Konsumen tampaknya mulai mempertanyakan relevansi GPU 8GB untuk pembelian baru pada 2026. Harga kartu grafis memang masih menjadi pertimbangan utama, tetapi menghemat uang dengan memilih model berkapasitas memori rendah dapat menjadi keputusan yang kurang menarik jika GPU tersebut lebih cepat menemui batas kemampuan VRAM.
Dari kubu Nvidia, GeForce RTX 5070 menjadi model dengan penjualan paling kuat. RTX 5070 Ti dan RTX 5060 Ti 16GB juga masuk jajaran kartu grafis yang cukup diminati.
Menariknya, RTX 5060 Ti 16GB tetap mampu menarik pembeli meskipun harganya sudah tergolong mahal di sejumlah toko. Tambahan VRAM tampaknya menjadi salah satu alasan konsumen tetap mempertimbangkannya.
GPU 8GB Mulai Kehilangan Daya Tarik
Kondisi berbeda terlihat pada kartu grafis dengan VRAM 8GB. Beberapa model, termasuk bagian dari seri RTX 5060, RTX 5050, dan GPU entry-level lainnya, hanya mencatat penjualan sekitar 20 hingga 25 unit.
Perbedaan tersebut mengindikasikan perubahan perilaku konsumen. Gamer mulai memahami bahwa kapasitas VRAM dapat memengaruhi kemampuan GPU dalam menangani tekstur beresolusi tinggi, game dengan aset besar, serta pengaturan grafis modern.
Dengan semakin beratnya kebutuhan game PC, 8GB VRAM kini mulai terlihat sebagai kapasitas yang terlalu ketat untuk GPU baru. Konsumen yang membeli kartu grafis untuk digunakan selama beberapa tahun tentu memiliki alasan untuk memilih 16GB meskipun harus membayar lebih mahal.
RAMpocalypse Bisa Mengubah Tren
Masalahnya, pilihan 16GB juga datang dengan konsekuensi harga. Industri memori saat ini menghadapi lonjakan harga yang dikenal sebagai “RAMpocalypse”, dan GPU dengan VRAM lebih besar ikut terkena dampaknya karena membutuhkan lebih banyak chip memori.
Kondisi tersebut membuat kartu grafis berkapasitas 16GB semakin mahal. Pada saat yang sama, PC Partner Group memperingatkan bahwa harga GPU murah berpotensi menjadi semakin tidak terjangkau pada paruh kedua 2026.
Kenaikan harga yang mulai terjadi pada Agustus juga belum sepenuhnya tercermin dalam data penjualan Juli. Artinya, angka Mindfactory untuk bulan berikutnya bisa memberikan gambaran berbeda jika konsumen mulai menahan pembelian akibat harga yang semakin tinggi.

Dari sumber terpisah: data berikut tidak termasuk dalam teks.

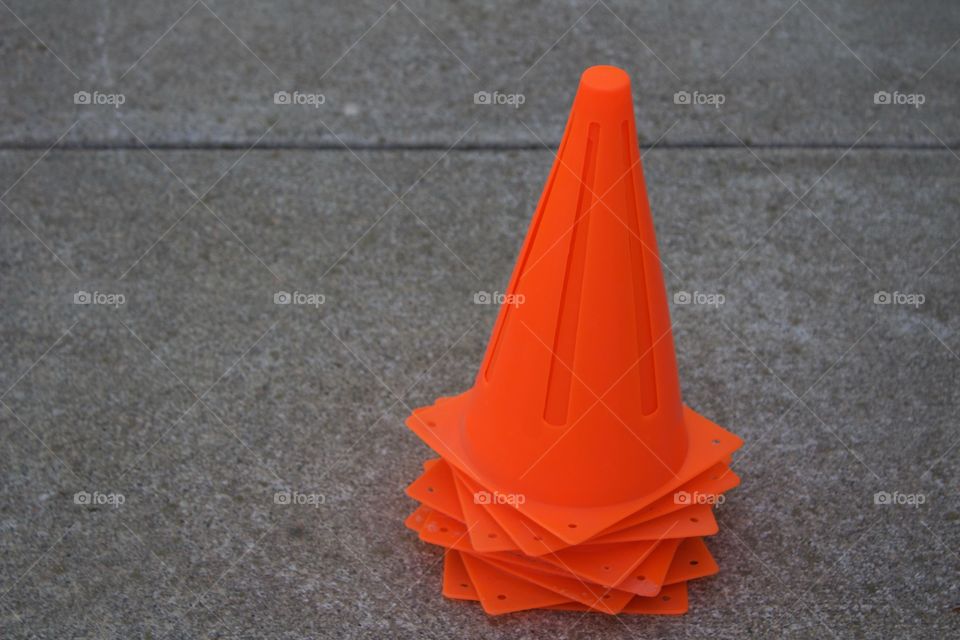 Orange Color Story - safety cones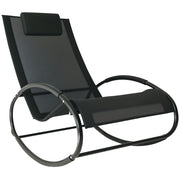 Sdraio da Giardino Zero Gravity con Cuscino ¨C Minimal ¨C 105x62x88cm, Nero
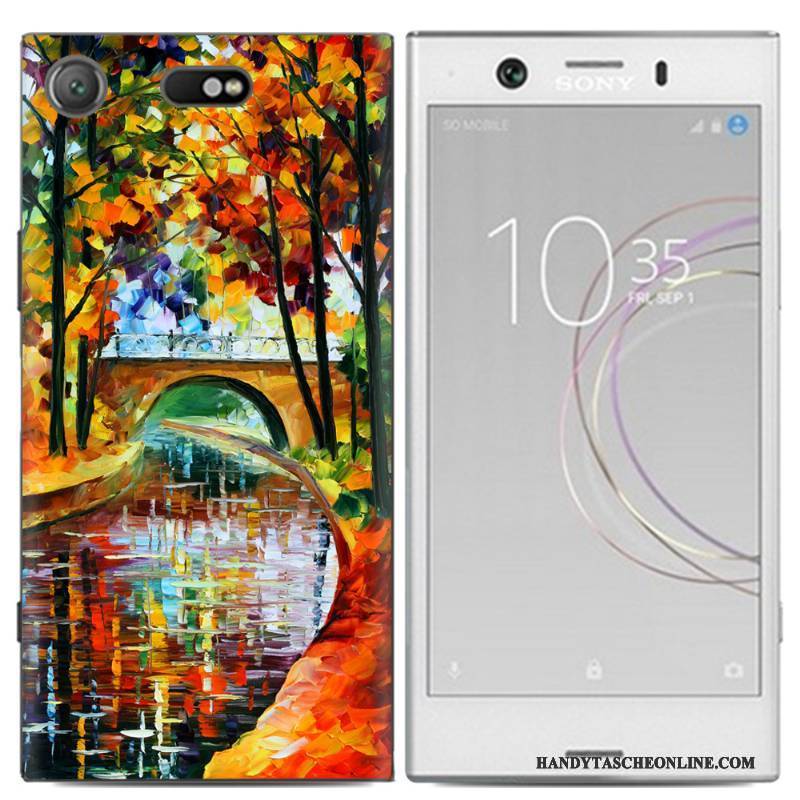 Hülle Sony Xperia Xz1 Compact Gemalt Trend Handyhüllen, Case Sony Xperia Xz1 Compact Karikatur Anti-sturz Persönlichkeit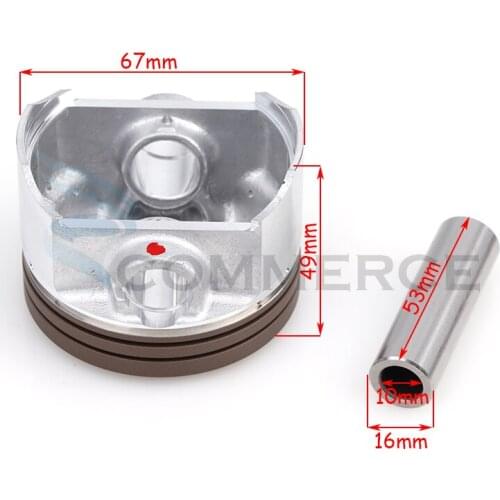 67mm piston hole 16MM pin ring set suitable for Zongshen Longxin Lifan 250cc CG250 engine ATV Pit off-road vehicle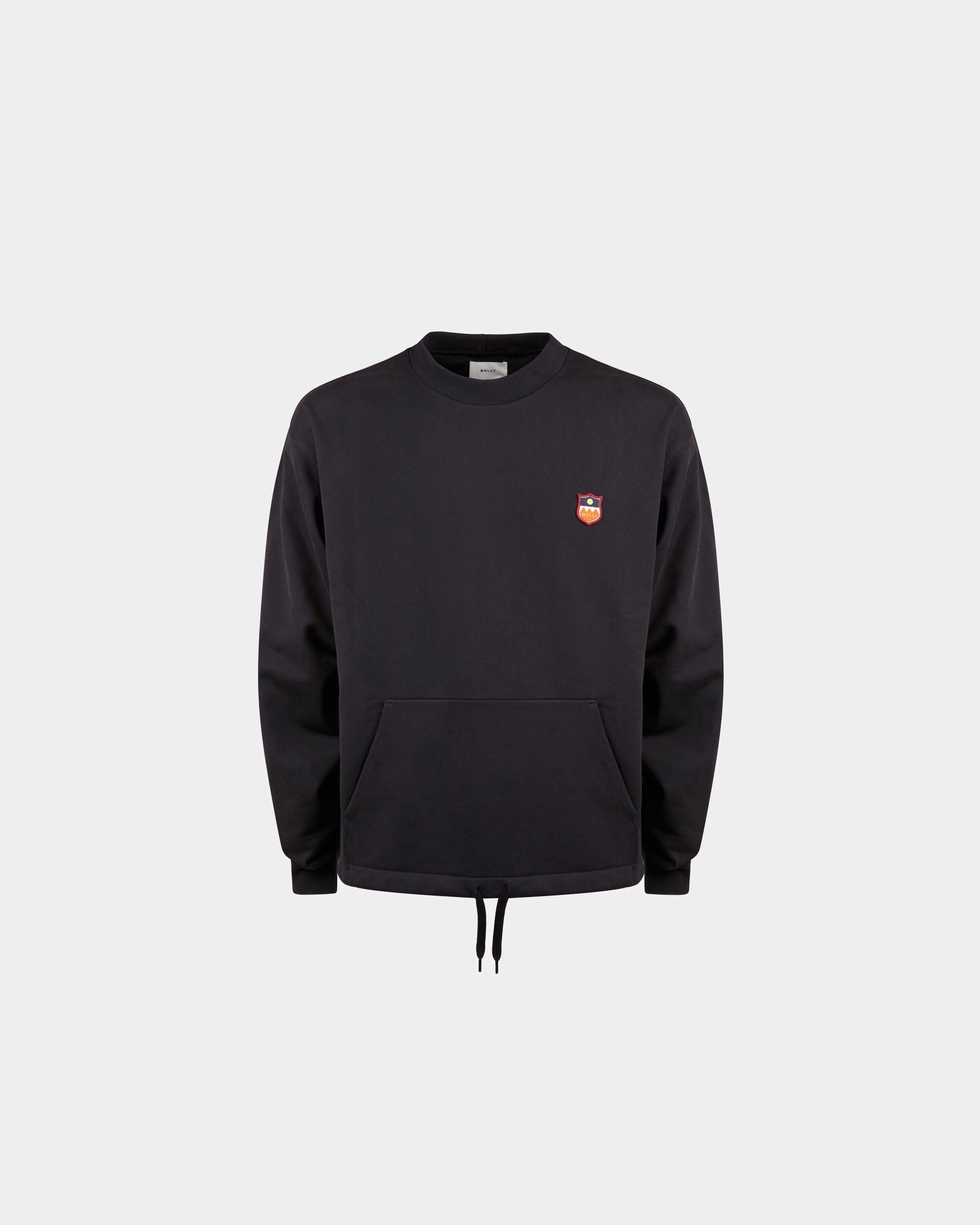 Men's Sweatshirt in Navy Blue Cotton | Bally | Still Life Front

Gamer Kini Membayar Lebih untuk Masa Pakai Lebih Panjang
Data Juli pada akhirnya menunjukkan satu tren yang sulit diabaikan: konsumen Jerman lebih memilih membayar mahal untuk VRAM daripada mengambil risiko membeli GPU 8GB yang mungkin lebih cepat mencapai batas kemampuan.

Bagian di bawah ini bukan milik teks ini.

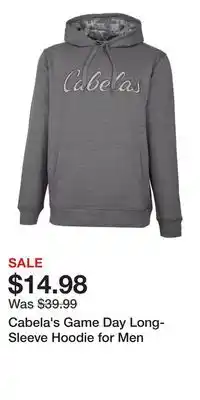 Cabela's Cabela's Game Day Long-Sleeve Hoodie for Men offer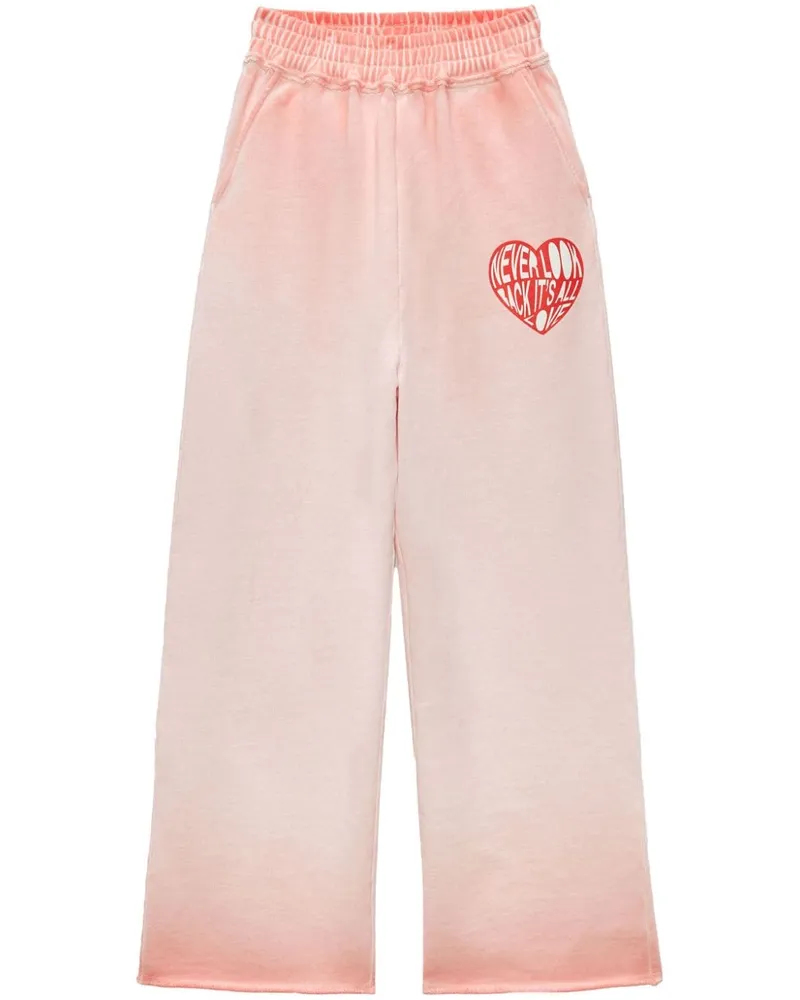 MSGM Jogginghose mit Slogan-Print - Rot Rot
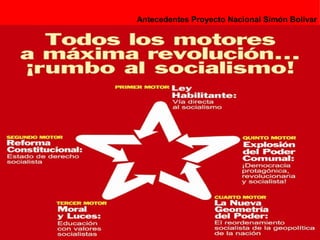 Antecedentes Proyecto Nacional Simón Bolívar
 
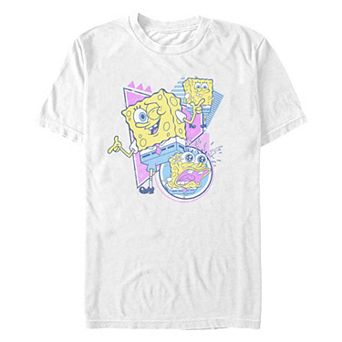 Men's Nickelodeon SpongeBob SquarePants 90s Flair Graphic Tee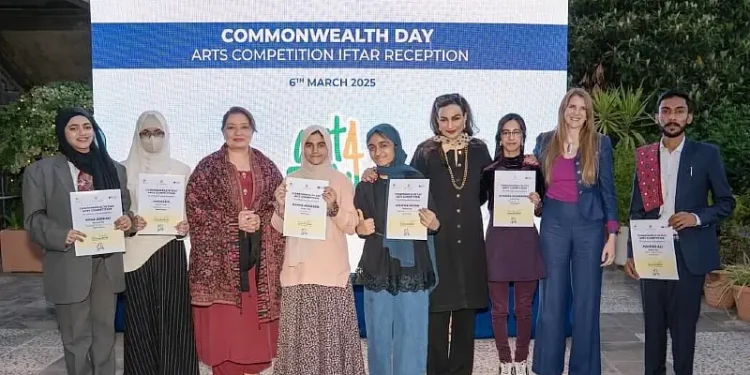 Young Pakistanis celebrate Commonwealth Day 2025. Photo by British High Commission Islamabad.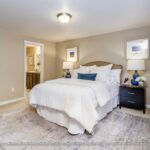 Home Plan 1768 primary suite.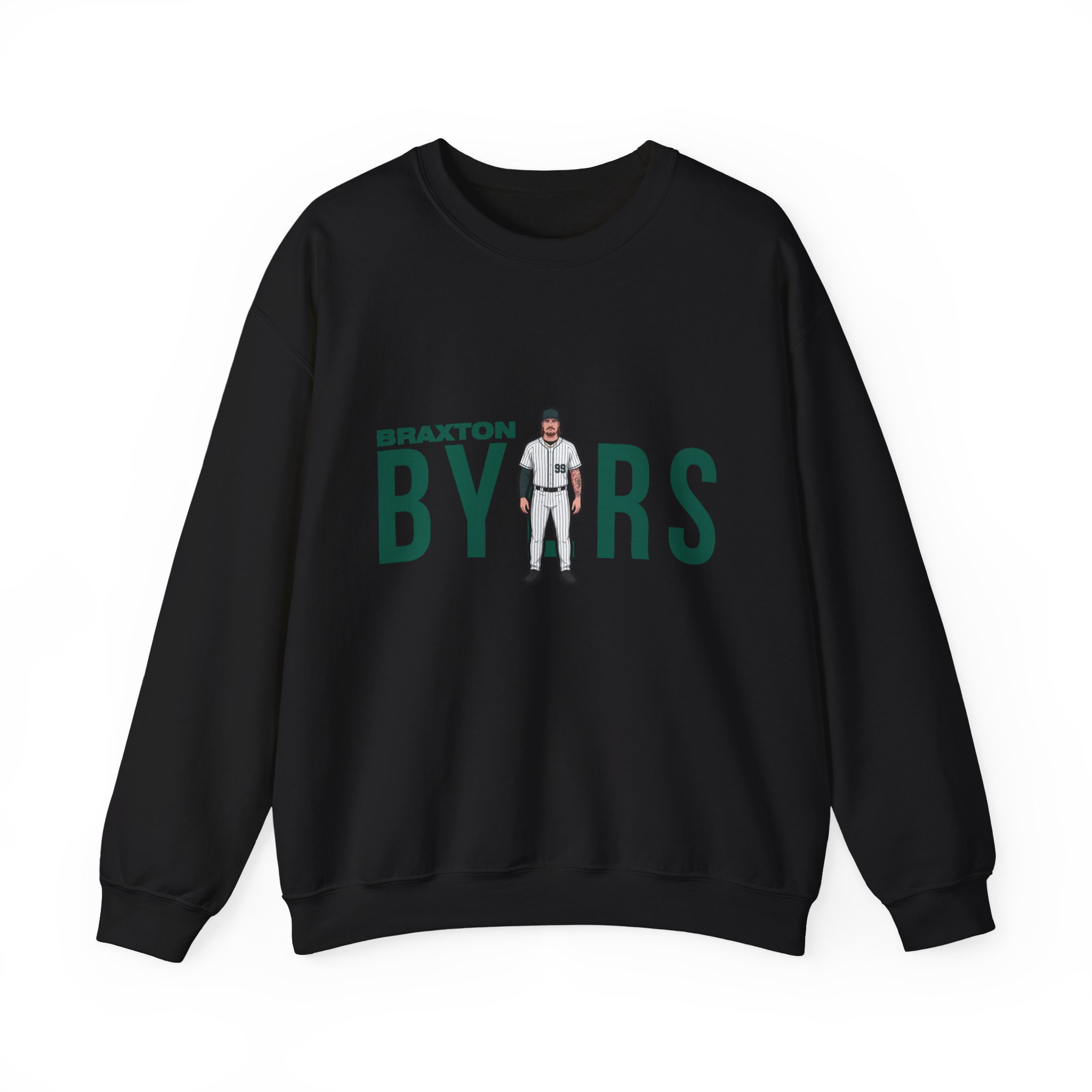 Crewneck Sweatshirt — character_player_name in Black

AMD mendapatkan keuntungan besar dari tren tersebut melalui Radeon RX 9070 XT dan jajaran kartu grafis 16GB lainnya. Nvidia tetap memiliki daya tarik kuat, terutama melalui RTX 5070 dan model kelas atas, tetapi persaingan volume penjualan menunjukkan bahwa kapasitas VRAM kini menjadi salah satu faktor penting dalam keputusan pembelian.

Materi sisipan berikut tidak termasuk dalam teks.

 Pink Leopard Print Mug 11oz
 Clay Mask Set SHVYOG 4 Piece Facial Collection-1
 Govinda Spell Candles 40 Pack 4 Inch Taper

Bagi konsumen, persoalannya bukan lagi sekadar “GPU mana yang paling kencang?”, melainkan “berapa lama GPU ini akan tetap relevan?”. Dan berdasarkan penjualan Mindfactory pada Juli, semakin banyak gamer yang tampaknya memilih 16GB sebagai jawaban atas pertanyaan tersebut.